Le contenu de la mission contient non seulement la composante culturelle, mais aussi la compétence lexicale. Par exemple, la question 7, « Allez à la boulangerie DainelBakery et trouvez la traduction française de 可颂,法棍,巧克力可颂,苹果丹麦 ». Il s’agit de « croissant, baguette de pain, pain au chocolat, chausson aux pommes ». Les élèves peuvent apprendre de nouveaux éléments de vocabulaire en cherchant, en observant, dans une boulangerie, dans une situation authentique. Il y a également des questions en vue de stimuler la réflexion vis-à-vis de l’autre « Avez-vous pu discuter avec les Français en vous baladant dans la rue Yandang ? Si oui, de quoi avez-vous parlé ? Y a-t-il un changement d’attitude vis-à-vis des Français après avoir échangé avec eux ? ». Une tentative de repérer l’écart entre leur imagination initiale (toujours stéréotypée) avant de rencontrer des francophones et le sentiment réel après l’interaction avec eux est évidente ici.

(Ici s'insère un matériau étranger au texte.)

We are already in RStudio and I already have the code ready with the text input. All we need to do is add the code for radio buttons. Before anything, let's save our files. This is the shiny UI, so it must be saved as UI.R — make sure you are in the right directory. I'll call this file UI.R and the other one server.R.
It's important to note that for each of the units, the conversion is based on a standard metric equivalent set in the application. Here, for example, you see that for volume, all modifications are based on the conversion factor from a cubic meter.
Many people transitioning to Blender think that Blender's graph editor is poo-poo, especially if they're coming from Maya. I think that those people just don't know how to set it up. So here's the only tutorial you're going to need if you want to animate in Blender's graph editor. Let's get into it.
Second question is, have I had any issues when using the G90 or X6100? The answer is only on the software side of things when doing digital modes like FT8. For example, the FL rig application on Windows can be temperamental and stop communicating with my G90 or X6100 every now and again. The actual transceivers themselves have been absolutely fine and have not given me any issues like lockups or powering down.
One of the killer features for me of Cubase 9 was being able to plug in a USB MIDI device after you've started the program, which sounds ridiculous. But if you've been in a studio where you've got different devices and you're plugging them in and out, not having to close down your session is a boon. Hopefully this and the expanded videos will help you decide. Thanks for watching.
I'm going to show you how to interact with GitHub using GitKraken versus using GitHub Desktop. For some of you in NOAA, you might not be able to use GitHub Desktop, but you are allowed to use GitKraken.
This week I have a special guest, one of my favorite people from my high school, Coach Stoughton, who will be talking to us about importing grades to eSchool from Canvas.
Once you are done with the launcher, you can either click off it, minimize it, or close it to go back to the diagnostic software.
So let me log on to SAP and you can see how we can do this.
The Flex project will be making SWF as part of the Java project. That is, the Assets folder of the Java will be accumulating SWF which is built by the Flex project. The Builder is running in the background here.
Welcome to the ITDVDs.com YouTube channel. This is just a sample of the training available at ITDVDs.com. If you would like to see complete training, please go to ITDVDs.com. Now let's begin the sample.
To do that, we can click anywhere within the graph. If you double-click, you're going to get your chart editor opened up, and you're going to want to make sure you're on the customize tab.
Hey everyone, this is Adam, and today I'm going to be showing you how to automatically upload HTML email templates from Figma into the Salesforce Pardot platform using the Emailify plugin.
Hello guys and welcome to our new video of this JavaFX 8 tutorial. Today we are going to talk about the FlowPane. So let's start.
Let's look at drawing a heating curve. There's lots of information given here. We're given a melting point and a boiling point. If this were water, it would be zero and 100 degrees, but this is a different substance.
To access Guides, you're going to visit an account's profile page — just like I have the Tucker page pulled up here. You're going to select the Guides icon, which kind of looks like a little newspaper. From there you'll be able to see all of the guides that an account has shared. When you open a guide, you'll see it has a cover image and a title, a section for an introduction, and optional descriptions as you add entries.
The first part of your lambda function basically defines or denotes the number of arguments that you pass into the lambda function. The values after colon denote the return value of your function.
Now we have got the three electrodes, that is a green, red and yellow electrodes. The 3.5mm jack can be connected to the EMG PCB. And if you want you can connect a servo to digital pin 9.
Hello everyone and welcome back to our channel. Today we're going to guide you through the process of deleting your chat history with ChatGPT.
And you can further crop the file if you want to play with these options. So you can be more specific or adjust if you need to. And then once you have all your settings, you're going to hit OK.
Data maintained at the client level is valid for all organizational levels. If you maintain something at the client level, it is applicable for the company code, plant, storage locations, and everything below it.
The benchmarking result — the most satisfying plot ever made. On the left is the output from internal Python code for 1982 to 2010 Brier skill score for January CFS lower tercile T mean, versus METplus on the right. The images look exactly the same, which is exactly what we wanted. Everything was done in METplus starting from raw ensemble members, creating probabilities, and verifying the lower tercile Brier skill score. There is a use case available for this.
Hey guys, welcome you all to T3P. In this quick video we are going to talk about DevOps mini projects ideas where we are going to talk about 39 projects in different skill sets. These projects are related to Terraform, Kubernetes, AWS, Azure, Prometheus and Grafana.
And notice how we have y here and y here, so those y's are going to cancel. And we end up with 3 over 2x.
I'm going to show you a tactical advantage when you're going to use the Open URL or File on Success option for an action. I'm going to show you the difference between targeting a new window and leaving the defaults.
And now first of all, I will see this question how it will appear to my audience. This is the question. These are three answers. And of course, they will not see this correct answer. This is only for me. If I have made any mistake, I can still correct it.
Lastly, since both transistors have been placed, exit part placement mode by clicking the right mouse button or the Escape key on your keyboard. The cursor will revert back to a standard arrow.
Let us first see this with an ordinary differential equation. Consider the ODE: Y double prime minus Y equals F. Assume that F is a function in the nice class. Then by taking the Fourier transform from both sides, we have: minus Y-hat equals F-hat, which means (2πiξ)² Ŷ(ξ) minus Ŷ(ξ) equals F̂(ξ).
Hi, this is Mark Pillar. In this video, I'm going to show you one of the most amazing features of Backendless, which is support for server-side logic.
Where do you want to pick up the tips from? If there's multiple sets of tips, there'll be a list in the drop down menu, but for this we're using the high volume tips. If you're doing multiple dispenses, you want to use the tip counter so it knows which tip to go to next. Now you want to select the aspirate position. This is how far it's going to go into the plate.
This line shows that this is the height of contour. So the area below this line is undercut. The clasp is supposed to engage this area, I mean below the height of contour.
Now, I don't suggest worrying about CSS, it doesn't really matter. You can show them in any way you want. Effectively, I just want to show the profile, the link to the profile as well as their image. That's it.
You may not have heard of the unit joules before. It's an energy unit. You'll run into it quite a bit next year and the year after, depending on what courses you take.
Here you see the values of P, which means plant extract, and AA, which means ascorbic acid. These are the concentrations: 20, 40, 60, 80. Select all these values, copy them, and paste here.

Vu que cette manifestation culturelle est une vitrine, certes commerciale, de la société française, une réflexion pour une société autre a également été envisagée « Quel élément avez-vous aimé le plus durant cet événement ? Quelle est votre impression générale sur cette manifestation dans son ensemble ? La société française a-t-elle la même image que celle que vous imaginiez ? ». Cette question consiste à comparer leurs représentations antérieure et postérieure à travers un premier aperçu sur la société cible dans un événement connu, ce qui est important d’un point de vue interculturel.

En finalisant mes questionnaires, j’ai eu une bonne surprise ! Au bout de la rue Yandang, j’ai rencontré une amie française dont j’avais fait la connaissance à Grenoble. Ayant un père originaire de Chine et une mère originaire de France, l’identité de Sophie est donc un exemple du métissage culturel. Son père est le patron de la compagnie « Allô France, wines ! » qui vend son vin français dans le cadre de cet événement. Sur leur stand, les différents types de vins étaient présentés avec des desserts typiquement français. Sophie a proposé d’accueillir mes élèves lors de notre visite du vendredi pour leur faire goûter des biscuits français et du vin français. En tant que chanteuse amateur, elle m’a également promis d’interpréter une chanson folklorique française avec sa guitare pour mes élèves lors de notre visite collective. Ma visite a prioripour cette « Semaine Française de Shanghai » a donc été source de bonnes surprises. Je suis rentré au lycée, j’ai rassemblé mes questionnaires, puis j’ai conçu et imprimé la « feuille de mission » pour les élèves.